Votre stratégie marketing inclut-elle le référencement naturel?
Aujourd'hui, nous faisons beaucoup de liens sponsorisés mais nous cherchons de plus en plus à améliorer notre référencement naturel. Il est vrai que sur certains mots-clés, les coûts au clic sont tels qu'il faut trouver d'autres alternatives. Nous essayons alors d'améliorer la construction de nos sites, mais c'est un travail de longue haleine.

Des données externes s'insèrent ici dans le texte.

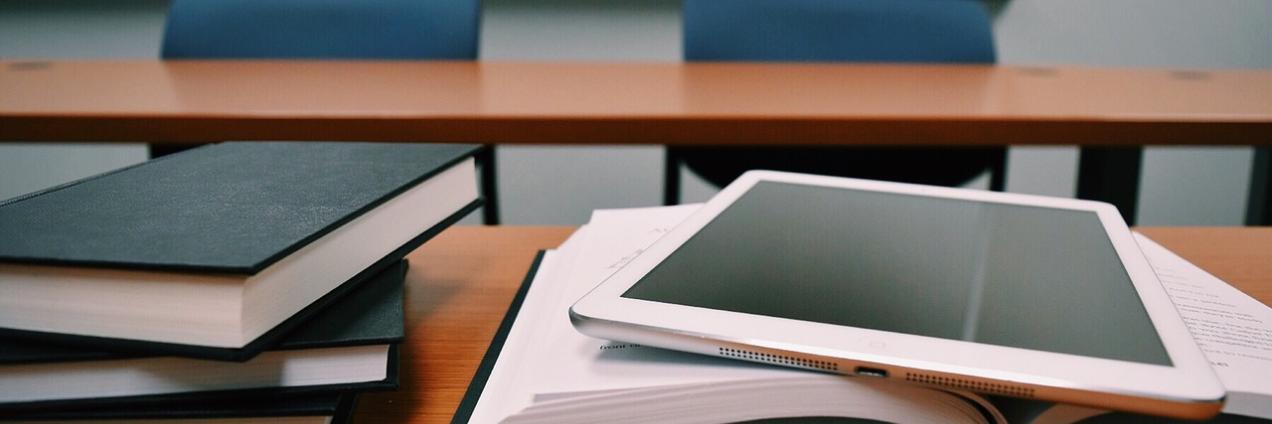 Libros y tablets en una mesa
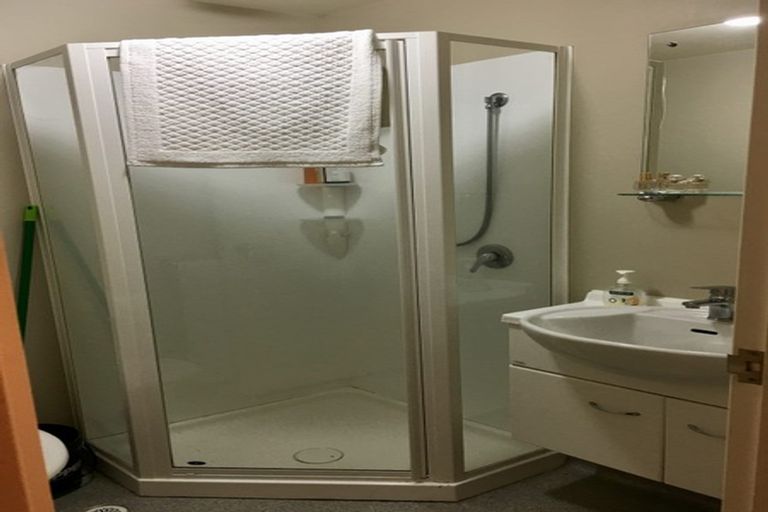 Photo of property in Aitken Street Apartments, 216/5 Aitken Street, Thorndon, Wellington, 6011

Yahoo décrypte l'usage des moteurs de recherche par les internautes
Outils Pour la première édition de la Yahoo! Search Academy, une étude sur le comportement des internautes sur les moteurs de recherche a été réalisée. Pressés et exigeants, ils cliquent en connaissance de cause sur les liens sponsorisés.
Que serait Internet sans moteur de recherche? Plus de neuf internautes sur dix lancent, chaque mois, des requêtes sur un moteur, selon Médiamétrie. La recherche sur le Web est la première activité devant la correspondance par courrier électronique. 74 % des 1228 internautes, interrogés par Yahoo!, disent qu'ils ne pourraient pas bénéficier du meilleur d'Internet sans moteur de recherche. De plus, si 69 % jugent cet outil fiable, ils attendent qu'il soit pratique, efficace et rapide. Pressés, 61 % des internautes ne vont pas plus loin que la première page de résultats. 93 % des personnes interrogées utilisent un moteur pour trouver le site d'une marque. 68 % ont déjà cherché une marque dont ils ne se rappelaient plus le nom. Comment ont-ils procédé? Pour 69 % d'entre eux, ils ont cherché à partir d'un slogan ou d'un élément descriptif, d'une publicité (musique, personnalité...) qu'ils ont souvent aperçus sur d'autres médias. Une méthode qui a fonctionné pour 71 % des personnes. 87 % ont effectué leur recherche à partir de «termes génériques» et leurs démarches ont abouti dans 75 % des cas. Lorsqu'ils ne trouvent pas le site d'une société ou d'une marque sur la première page des résultats de recherche, 31 % des internautes remettent en cause la qualité du moteur de recherche ; 34 % pensent que c'est la marque qui est responsable de son mauvais référencement, et pour 35 % c'est tout simplement de leur faute! 35 % des personnes vont donc consulter les pages de résultats suivantes alors que 40 % affinent les termes de la requête. 23 % sont moins obstinés et se rabattent sur un site équivalent apparu dans les résultats de recherche.
Les liens sponsorisés bien identifiés
87 % des internautes ont déclaré avoir remarqué les liens sponsorisés sur les pages de résultats de recherche. 75 % sont même capables de les définir correctement, notamment dans la dimension publicitaire et commerciale. Bien informés, 22 % savent que ces liens sont payants pour l'annonceur et qu'ils permettent aux moteurs de recherche de se financer. Pourquoi cliquent-ils dessus? 34 % parce qu'ils sont bien visibles ; 32 % car il s'agit des résultats les plus pertinents ; 32 % s'attardent sur le caractère «officiel» de la marque ou de la société qu'ils cherchent. Enfin, 32 % estiment que ces sites sont de qualité convenable.
Yahoo Search academy, mode d'emploi
Présentée comme un nouveau format de rencontres-formations réunissant les agences et les annonceurs, la Yahoo Search Academy est surtout l'occasion, pour Yahoo, de reprendre la parole sur le sujet du search. « Nous voulions réunir nos clients le temps d'une journée pour dialoguer avec eux à propos de l'état du marché. Même si, ces dernières années, il y a eu plus d'innovation sur le display, nous voulions leur dire que le search compte toujours pour nous », explique Jean-Christophe Gombeaud, directeur planning et stratégie, Yahoo! France.